_Record set_.
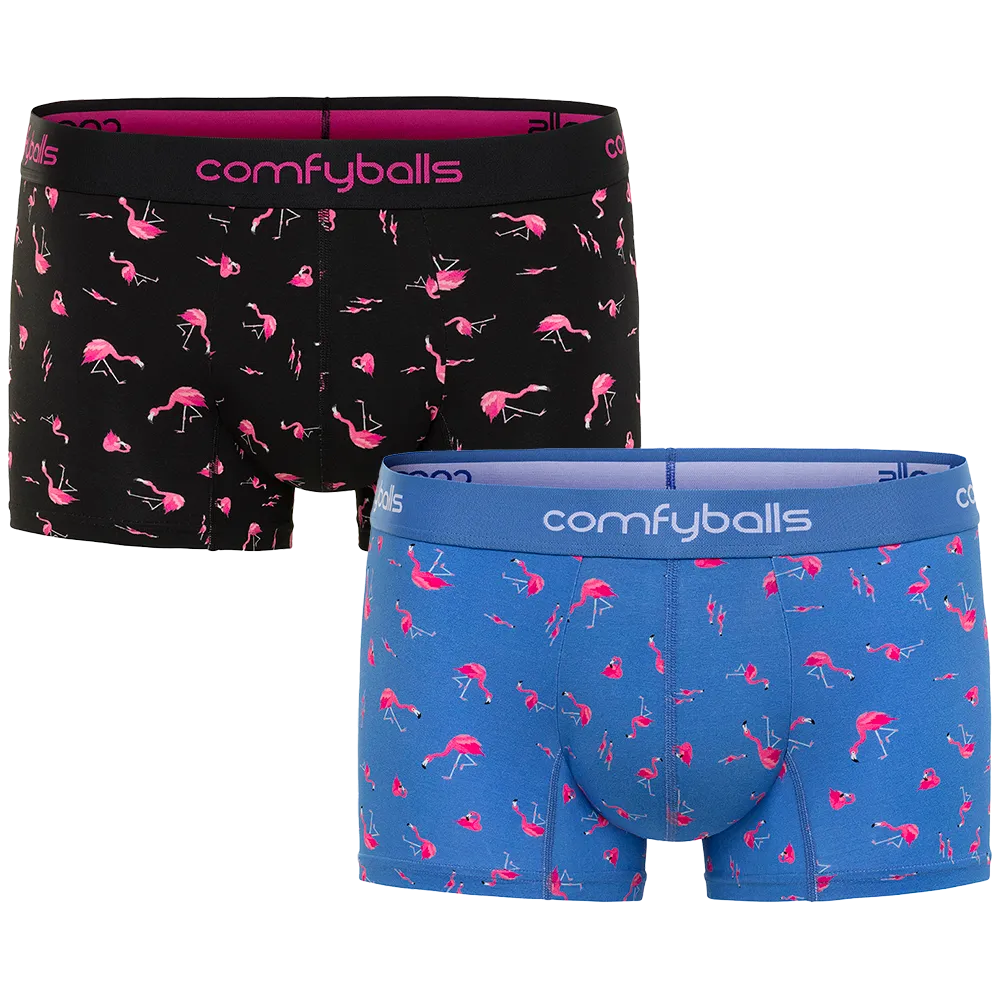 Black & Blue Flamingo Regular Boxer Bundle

* * *

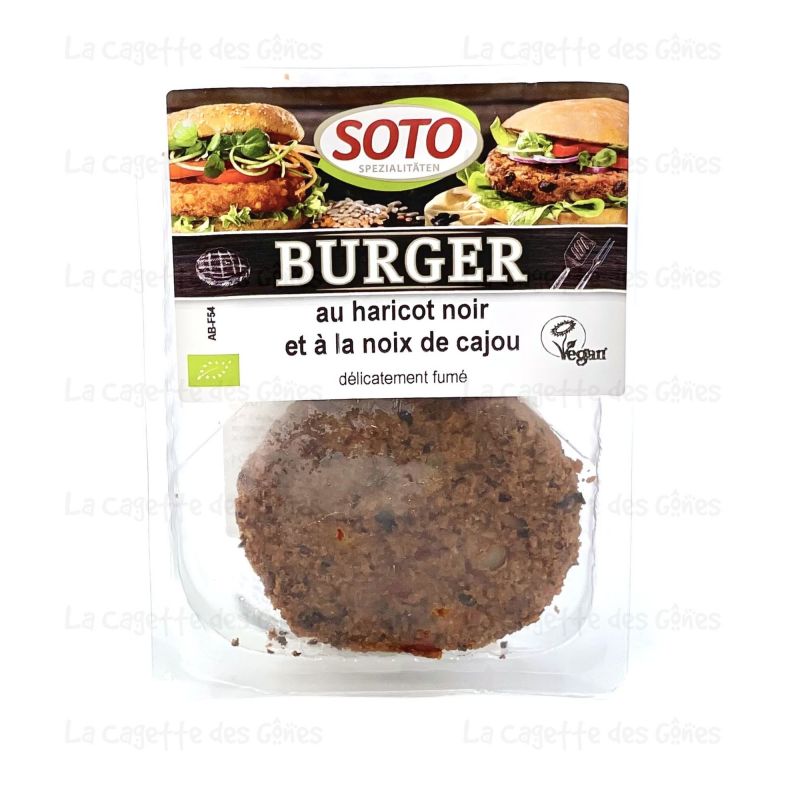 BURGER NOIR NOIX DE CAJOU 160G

* * *

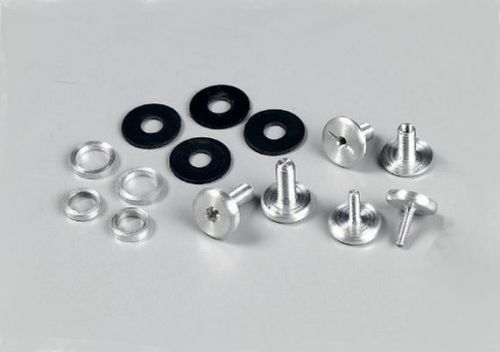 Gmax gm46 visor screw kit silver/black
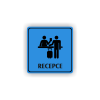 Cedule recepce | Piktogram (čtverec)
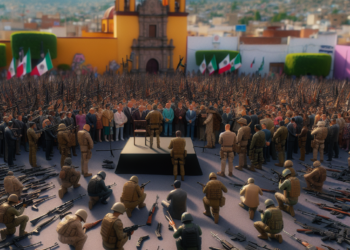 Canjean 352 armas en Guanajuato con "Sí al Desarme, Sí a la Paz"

_Task to carry out_. Skipping the pictures, print the lines in the listing above exactly as written, starting at the line with "Cedule recepce | Piktogram (čtverec)" and ending at the line with "Canjean 352 armas", both included.

_Result of this exercise_.
 Cedule recepce | Piktogram (čtverec)
 Canjean 352 armas en Guanajuato con "Sí al Desarme, Sí a la Paz"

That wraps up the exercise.